Python SDK Installation

pip install code-runner-sdk

Start the web application first

First you should start the web application

uvicorn app.main:app --reload

or use docker

sh ./build_and_run.sh

Quick Start Example

from code_runner_sdk import CodeRunnerClient, ProgrammingLanguage

# Create client instance
client = CodeRunnerClient(
    host="localhost",
    port=8000
)

# Run simple Python code
result = client.run_code(
    code='print("Hello, Code Runner!")',
    language=ProgrammingLanguage.PYTHON
)
print(f"Output: {result['output']}")
print(f"Execution Time: {result['execution_time']}ms")
print(f"Memory Usage: {result['memory_usage']}KB")

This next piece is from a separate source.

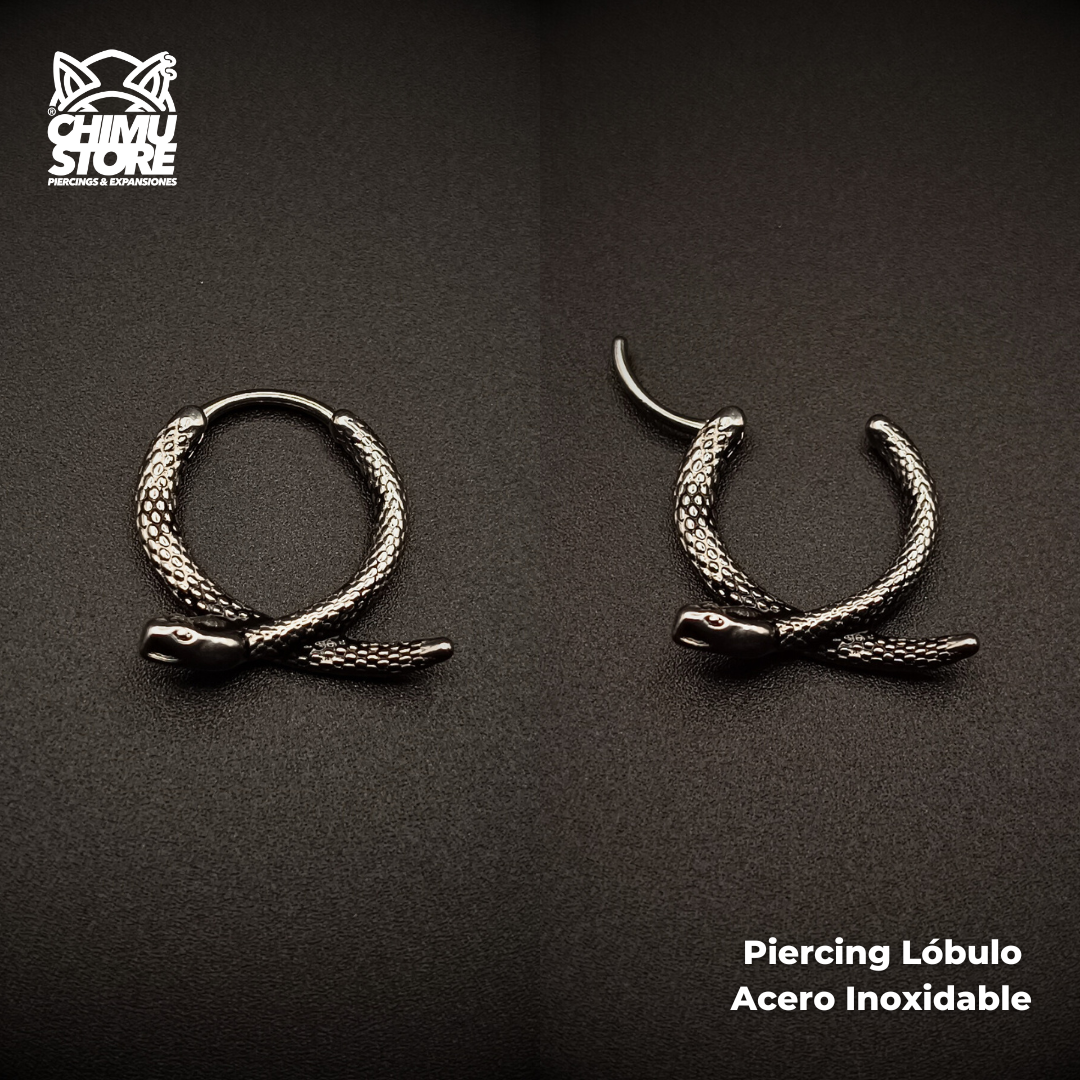 NEW Piercing Lobulo Acero Inoxidable - Serpiente Cruzada 01 (1mm;12mm)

For more detailed SDK documentation, including:

  • Complete API interface documentation
  • Test case execution
  • Exception handling
  • Advanced configuration options
  • Multi-language code examples

Please refer to the SDK Documentation

Using Code Reward Function in Open-R1

The code_reward function in Open-R1 is based on the e2b SandBox. This project can achieve the same functionality. For the reward calculation code segment:

Modify the code_reward method in rewards.py as follows:

def code_reward(completions, **kwargs) -> list[float]:
    """Reward function that evaluates code snippets using the E2B code interpreter.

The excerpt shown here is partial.